Dataset records ▸
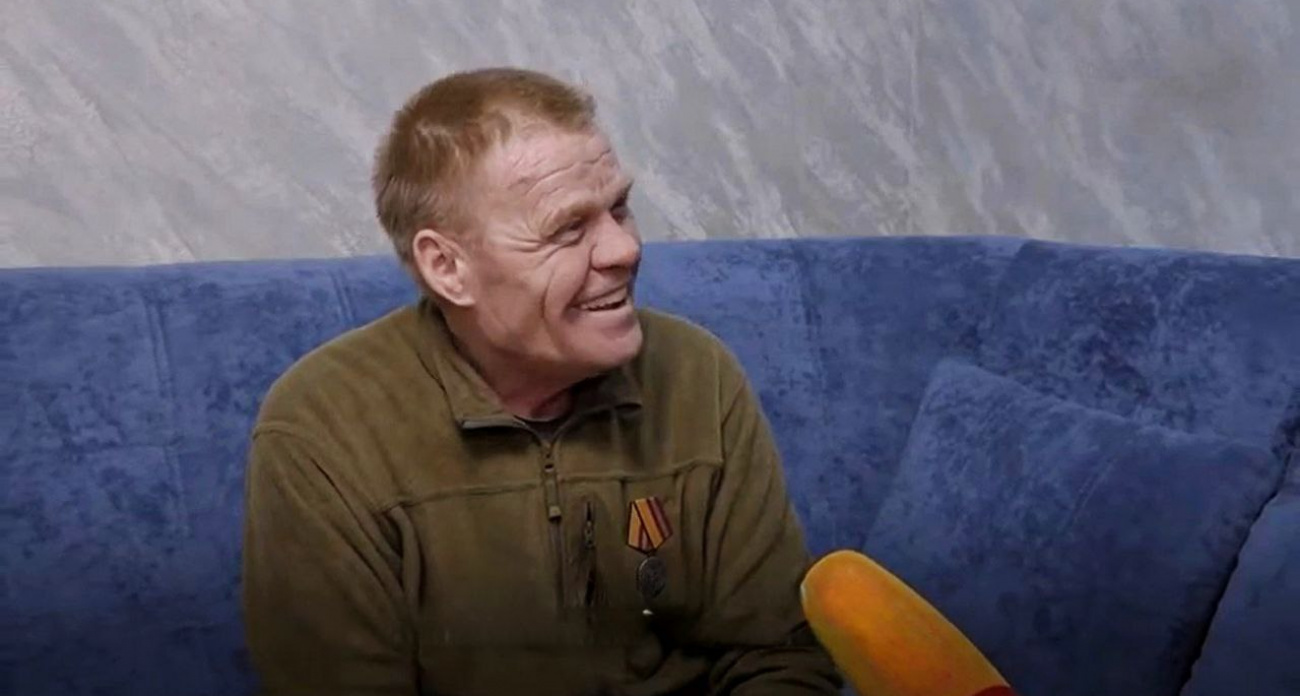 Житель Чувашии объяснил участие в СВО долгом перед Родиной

==

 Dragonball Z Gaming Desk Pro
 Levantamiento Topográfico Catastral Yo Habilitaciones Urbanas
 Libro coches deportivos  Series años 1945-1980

Work instructions ▸ Since only part of the listing is wanted, copy exactly the lines from the one holding "Levantamiento Topográfico Catastral" to the one holding "Libro coches deportivos", both included.

Solution ▸
 Levantamiento Topográfico Catastral Yo Habilitaciones Urbanas
 Libro coches deportivos  Series años 1945-1980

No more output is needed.